(Image is Clickable Link) by: TRIBUNE FILE PHOTO - A Portland Loo installed three years ago in downtown, cost nearly $90,000 to build. Portland is suing a Roseburg company to stop production of similar outdoor toilets that could sell to other cities for less than half the price.How is a private company able to make a public toilet so much cheaper than Portland?

That obvious question is not among those the city is asking a federal court to resolve in its copyright lawsuit against Romtec, a Roseburg company that makes outdoor toilets. The lawsuit, filed Aug. 19, accuses Romtec of selling a toilet that is “strikingly similar” to the Portland Loo, which the city has copyrighted. The suit even details all the similarities, including the dimensions and placement of the louvers.

But the suit does not say Romtec is asking $38,500 for its toilet, less than half Portland’s $90,000 price.

If Portland wins, the secret to the bargain-basement price may be lost forever. Among other things, the city wants the court to order Romtec to stop making its toilet and destroy all existing ones.

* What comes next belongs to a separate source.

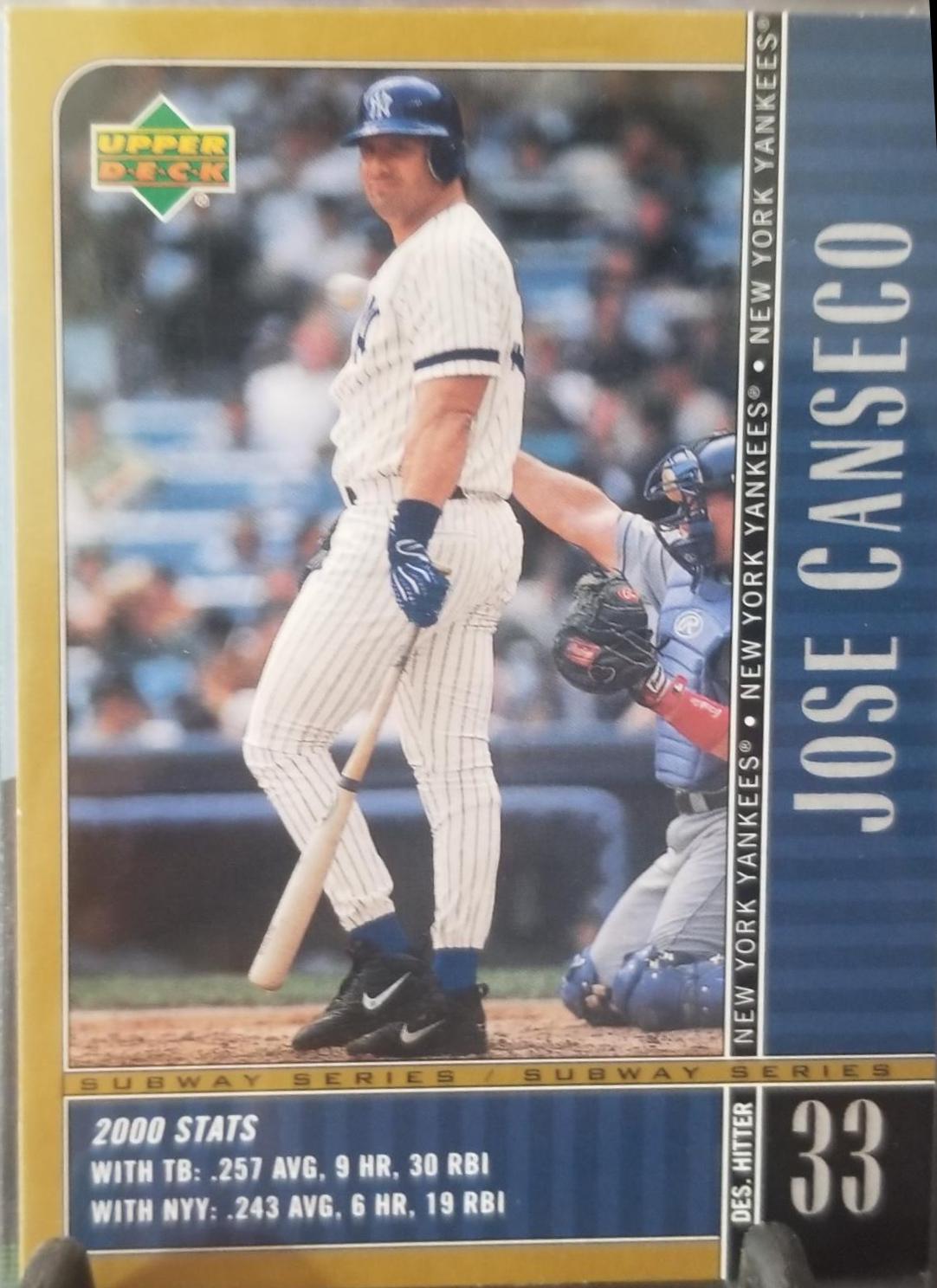 Jose Canseco #NY13 Baseball Cards 2000 Upper Deck Subway Series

Despite the omission on the price difference, the lawsuit is full of fascinating trivia about the Portland Loo. Everyone knows the project was pushed by former Water Bureau Commissioner Randy Leonard, but who knew his full name is actually Charles Randall Leonard and that he came up with the idea after traveling to Italy, where he was “impressed with the modern, self-cleaning toilets throughout the country”?

And who knew that a Portland Loo purchased by the city of Victoria, British Columbia, in 2011 was awarded “The Best Public Toilet in Canada” by the Cintax Corp., which makes restroom cleaning supplies? According to the city’s filing, the newsletter selected the Portland Loo as its 2012 Intelligence Award winner. It also has received the Bright Ideas in Government Award from the John F. Kennedy School of Government at Harvard University in both 2011 and 2012. And it was the focus of an award-winning short documentary called “People Can’t Wait.”

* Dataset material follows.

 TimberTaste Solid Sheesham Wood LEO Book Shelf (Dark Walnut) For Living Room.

And, oh yes, sales of the Portland Loo are intended to create “a valuable revenue stream” for the city that Romtec threatens to disrupt with its more affordable version — although Ketchikan, Alaska, is the only other city to buy one so far.

Possible Cogen opponents still laying low

Sources made a rookie mistake and forgot that campaign spending reports do not have to be filed with the Oregon secretary of state’s office very often between elections. As a result, it turns out that Jeff Cogen did not renew the website for his Multnomah County chair campaign committee after the scandal broke about his affair with a county employee. He renewed it before the news got out, but reported the $200 payment afterward.

So it seems Cogen was planning to run for re-election before the scandal broke, which is not news. What is getting to be news, however, is that no one else has yet announced a run for the office next year. Cogen is not expected to make a decision until after the state and county investigations into the situation are resolved. Even if he is cleared of any criminal wrongdoing, Cogen would have to be considered a long-shot underdog if he runs for re-election.

But so far, there aren’t any serious rumors about potential opponents. And the first day anyone can file for the office is Sept. 12, which is less than two weeks away.

Campaign fundraising shows no rhyme or reason

The campaign season in Oregon traditionally doesn’t start until Labor Day. Perhaps that explains the strange campaign fundraising pattern at Portland City Hall. So far this year, the two City Council members who are up for re-election in 2014 have raised far less than most of those who are not.

Commissioner Nick Fish reports raising just $1,550, including a $1,500 personal loan. His committee is $2,975 in debt. And Commissioner Dan Saltzman reports raising nothing for his re-election so far this year, though his committee has a $8,849 surplus.

Meanwhile, Mayor Charlie Hales has raised $52,525 this year, much of which went to paying off personal loans to his campaign committee. Commissioner Amanda Fritz has raised $15,546 so far this year, but her committee still owes $124,017, mostly to her for unpaid personal loans.

The exception among those not up for re-election is Commissioner Steve Novick. He has not raised any campaign funds this year, but his committee has a $1,197 surplus.